Casualties and losses
- None: 2-50 wounded^{[disputed – discuss]}

= Battle of Spilia =

The Battle of Spilia is the name given to a battle in the Cyprus Emergency that took place in the neighbourhood of the Cypriot village of Spilia on either 11 or 12 December 1955. The engagement involved approximately 12 members of Georgios Grivas’s EOKA group and a 40 man detachment of the 45 Commando Royal Marines supported by the rest of the force intending to trap the insurgents.
In British military sources this is known as part of a wider operation known as ‘Foxhunter’ that was tasked with breaking up the EOKA presence in the Troodos mountains and capturing EOKA leader Georgios Grivas.

Grivas’ memoirs describe the event as a disaster for the British in which a small band of EOKA fighters took on a large ambushing force of British soldiers. He claims that he heard after the fact that there were at least 50 casualties although British sources claim ‘two slightly wounded’. Grivas claims Lieutenant Colonel Tailyour was killed in action even though Tailyour went on to serve as Commandant General Royal Marines dying in 1979.

British sources state that a Greek man was arrested in the vicinity carrying a rifle and cordex fuses and gave Grivas’ location away during interrogation. A patrol then set off in search of the hideout. Grivas and his men managed to escape and Britain sustained multiple casualties.
The engagement resulted in Grivas’s escape but with the cave destroyed.

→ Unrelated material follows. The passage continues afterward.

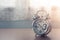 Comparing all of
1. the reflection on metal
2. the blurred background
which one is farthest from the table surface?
A: the blurred background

Greek sources claim that during the battle British units from the north and ones from the south, unable to see in the fog and in the belief that they were surrounded by EOKA fighters, engaged each other in an eight-hour firefight involving airstrikes, artillery bombardments, and heavy weapons. This firefight caused 250 casualties, including 127 deaths, 102 injuries, and 21 missing, which, if true, would make it the deadliest friendly fire incident of the war.

== Legacy ==
The battle in Cyprus is highly regarded and one of the most notable events, with the Forestry department fixing the cave and the area around it and allowing for visits to the cave.